OPINI – Pokok-pokok pikiran (Pokir) Dewan Perwakilan Rakyat Daerah (DPRD) kerap menjadi perbincangan publik. Tidak sedikit masyarakat yang menyoroti Pokir secara kritis—bahkan memandangnya negatif. Ada anggapan bahwa Pokir hanya menjadi “titipan” kepentingan politik, bahkan membebani keuangan daerah. Beberapa elemen masyarakat juga menilai pelaksanaannya kurang transparan dan tidak tepat sasaran.
Namun di balik berbagai kritik tersebut, tidak dapat dipungkiri bahwa Pokir sesungguhnya memiliki potensi besar untuk mendorong pembangunan dan pertumbuhan ekonomi daerah—jika dikelola dengan baik dan berpihak pada kepentingan masyarakat luas.
Pokir adalah hasil dari proses reses, di mana anggota DPRD menyerap aspirasi warga secara langsung. Dari sinilah Pokir mendapatkan legitimasinya sebagai bentuk representasi rakyat.
Pokok-pokok Pikiran (Pokir) DPRD merupakan instrumen penting dalam sistem perencanaan pembangunan daerah. Pokir lahir dari hasil reses anggota dewan yang menyerap aspirasi langsung dari masyarakat di daerah pemilihannya. Oleh karena itu, keberadaan Pokir tidak sekadar formalitas, melainkan menjadi salah satu fondasi strategis untuk menyusun kebijakan pembangunan yang tepat sasaran, termasuk dalam upaya menaikkan pertumbuhan ekonomi.
Pertumbuhan ekonomi suatu daerah tidak hanya ditentukan oleh kebijakan pemerintah eksekutif, tetapi juga sangat dipengaruhi oleh keberpihakan dan keberanian legislatif dalam menyuarakan kebutuhan riil masyarakat melalui Pokir. Di sinilah peran anggota DPRD sangat penting, karena mereka adalah jembatan antara masyarakat dan kebijakan.
Melalui Pokir, DPRD dapat mengusulkan program-program pemberdayaan ekonomi kerakyatan, seperti pelatihan kewirausahaan, peningkatan kapasitas UMKM, bantuan peralatan kerja, hingga penguatan akses pasar lokal dan digital.

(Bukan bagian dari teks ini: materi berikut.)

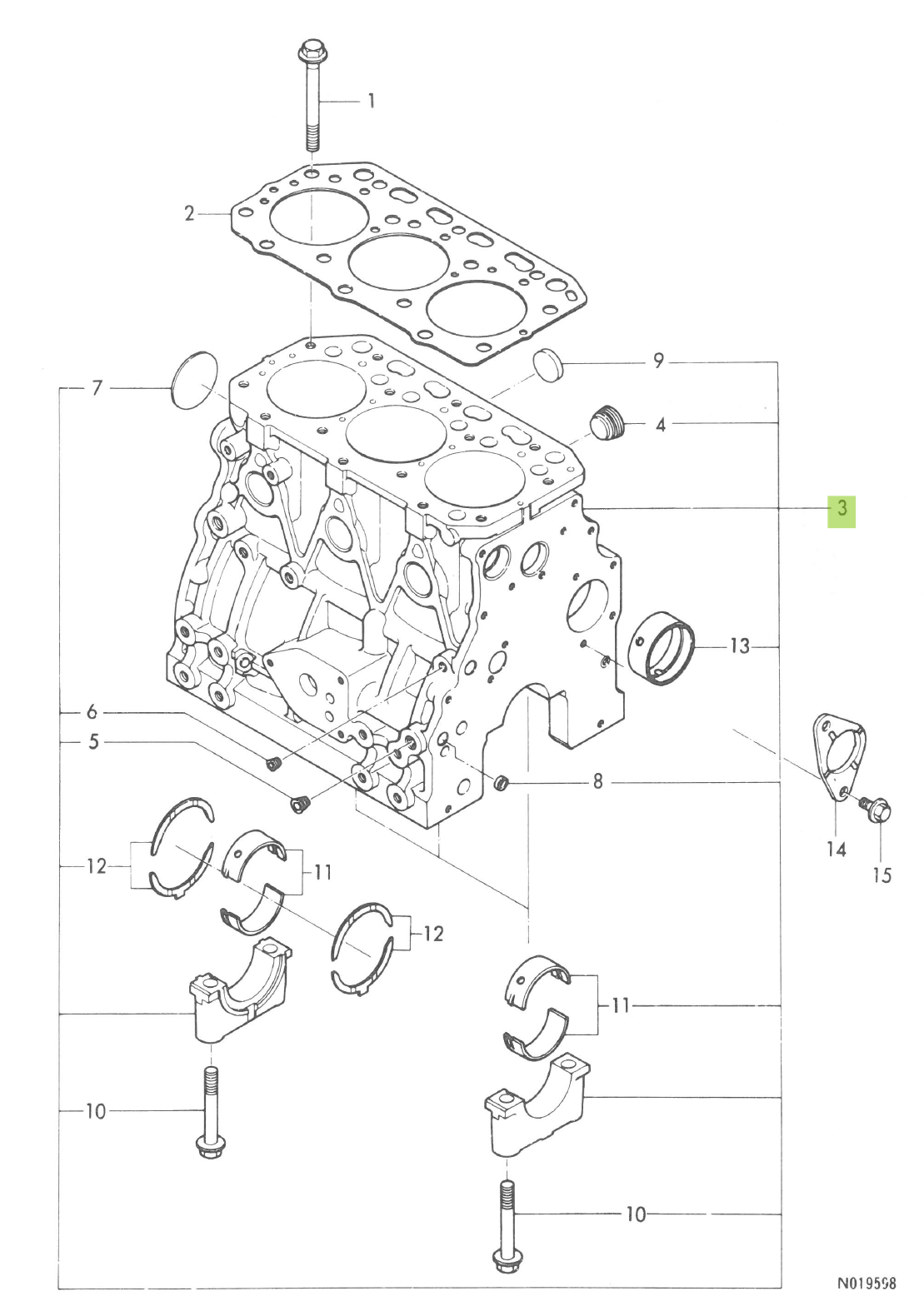 Bloc Motor Yanmar 729150-01560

Di sektor pertanian, misalnya, Pokir bisa diarahkan untuk mengusulkan infrastruktur irigasi, distribusi pupuk yang adil, hingga akses modal bagi petani. Semua ini berkontribusi langsung terhadap peningkatan produktivitas dan daya beli masyarakat.
Selain itu, Pokir yang diarahkan pada pembangunan infrastruktur strategis—seperti jalan usaha tani, pasar tradisional, akses transportasi pedesaan, dan jaringan telekomunikasi—akan mendorong efisiensi distribusi barang dan jasa serta membuka peluang ekonomi baru, terutama di wilayah yang selama ini tertinggal secara ekonomi.

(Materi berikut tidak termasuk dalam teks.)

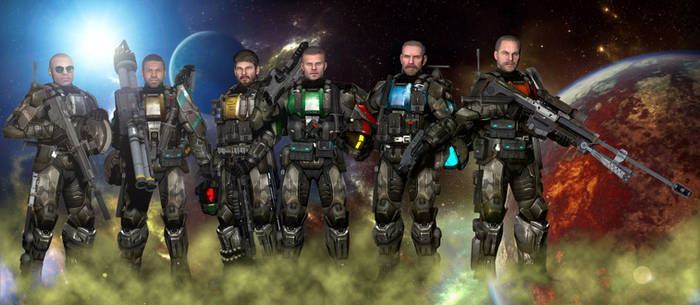 ODST Squad X-Ray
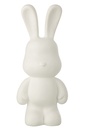 Rabbit Eddy Polyresin White Large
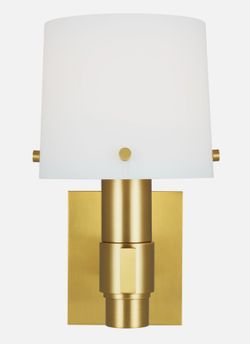 Visual Comfort Palma 11" Bathroom Sconce in Burnished Brass
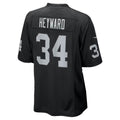 LV.Raiders #34 Connor Heyward Black Team Game Football jersey Thaam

Penting juga bagi Pokir untuk mendorong kolaborasi dengan dunia usaha dan lembaga pendidikan dalam menciptakan ekosistem ekonomi yang inovatif dan berkelanjutan. Misalnya, mengusulkan program inkubasi bisnis untuk pemuda, atau kerja sama pelatihan kerja berbasis kebutuhan pasar.
Namun demikian, agar Pokir benar-benar berdampak pada pertumbuhan ekonomi, diperlukan sinergi yang kuat antara legislatif dan eksekutif. Pokir tidak boleh dipandang sebagai beban anggaran, melainkan sebagai amanat rakyat yang harus diwujudkan secara profesional dan akuntabel. Proses perencanaan dan penganggaran harus menjadikan Pokir sebagai referensi utama dalam menyusun program pembangunan.
Dengan pendekatan yang tepat, Pokok-Pokok Pikiran Dewan dapat menjadi motor penggerak pertumbuhan ekonomi lokal yang merata dan berkeadilan. Inilah bentuk nyata fungsi representasi dan pengawasan DPRD dalam menjawab harapan masyarakat dan membangun daerah yang mandiri secara ekonomi.
Sebagai penulis, saya meyakini bahwa Pokir adalah alat perjuangan rakyat, bukan beban birokrasi—selama dijalankan dengan integritas dan akuntabilitas tinggi. Apresiasi dan kritik terhadap Pokir adalah hal wajar dalam demokrasi, tetapi sebaiknya tidak dilakukan dengan prasangka dan emosi berlebihan.
Perdebatan tentang Pokir seharusnya menjadi ruang dialog konstruktif, bukan ruang saling tuding. Mari kita pakai akal sehat, data, dan niat baik dalam menilai—bukan asumsi dan sentimen pribadi. Karena pada akhirnya, setiap kebijakan publik, termasuk Pokir, layak dinilai dari dampaknya terhadap masyarakat.